NRC and Subsidiary, jointly and severally, represent and warrant that:
9.1 ORGANIZATION; STANDING; CORPORATE POWER. Subsidiary and NRC are
each a corporation duly organized, validly existing and in good standing
under the laws of the State of Delaware. Subsidiary is a wholly-owned
subsidiary of NRC. NRC and Subsidiary each have all requisite power and
authority, corporate and otherwise, to carry on and conduct their
respective businesses as they are now being conducted and to own and lease
their properties and assets.
9.2 AUTHORITY. Subsidiary and NRC each has full legal right, power,
and authority to execute and deliver this Agreement and to carry out the
transactions contemplated hereby. All corporate and other acts or
proceedings required to be taken by Subsidiary and NRC to authorize the
execution, delivery, and performance of this Agreement and all transactions
contemplated hereby have been duly and properly taken.

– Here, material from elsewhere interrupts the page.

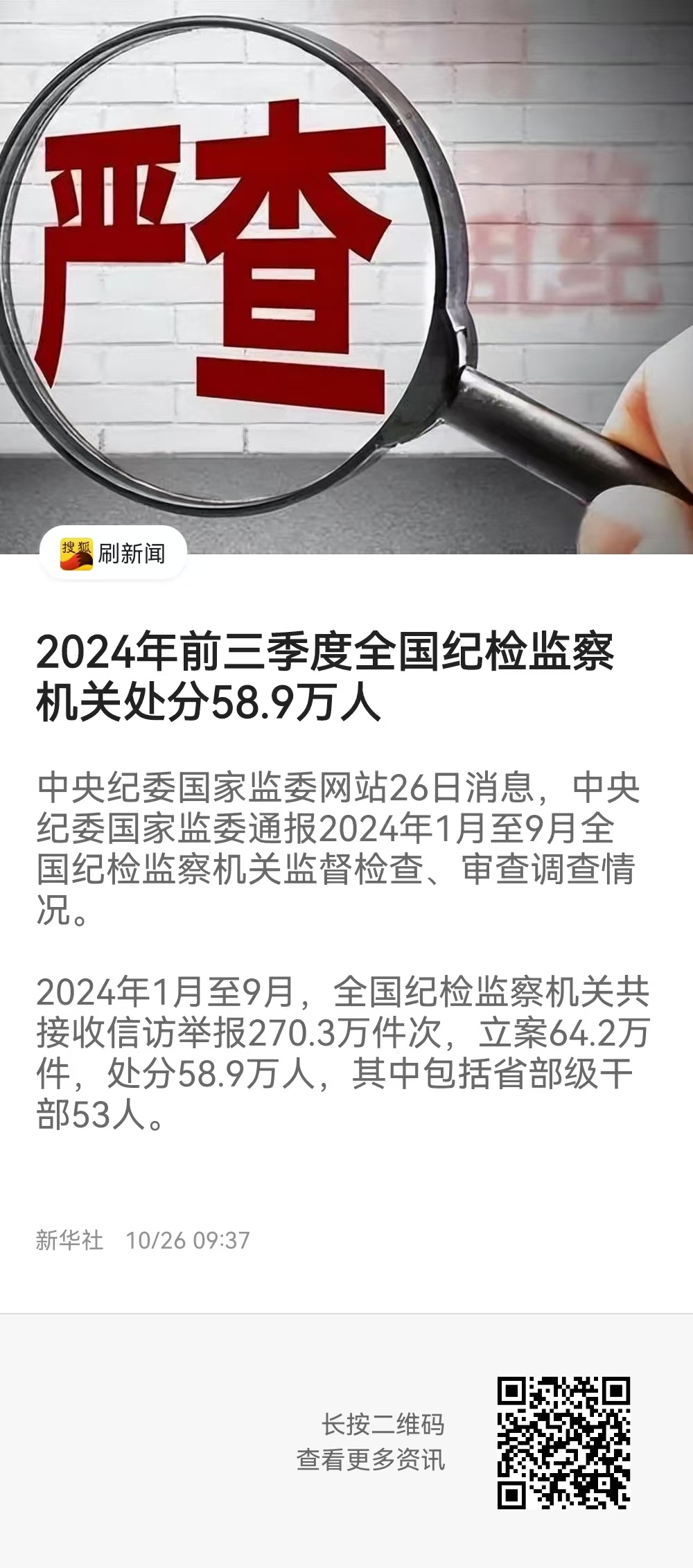 【2024年前三季度全国纪检监察机关处分58.9万人】2024年1月至9月，全国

9.3 APPROVALS AND CONSENTS. No approval, authorization, consent,
order, or action of, or filing with, any person, entity, court,
administrative agency, or other governmental authority is required for the
execution and delivery by Subsidiary and NRC of this Agreement or the
documents to be delivered at Closing or the consummation by Subsidiary and
NRC of the transactions contemplated hereby or thereby.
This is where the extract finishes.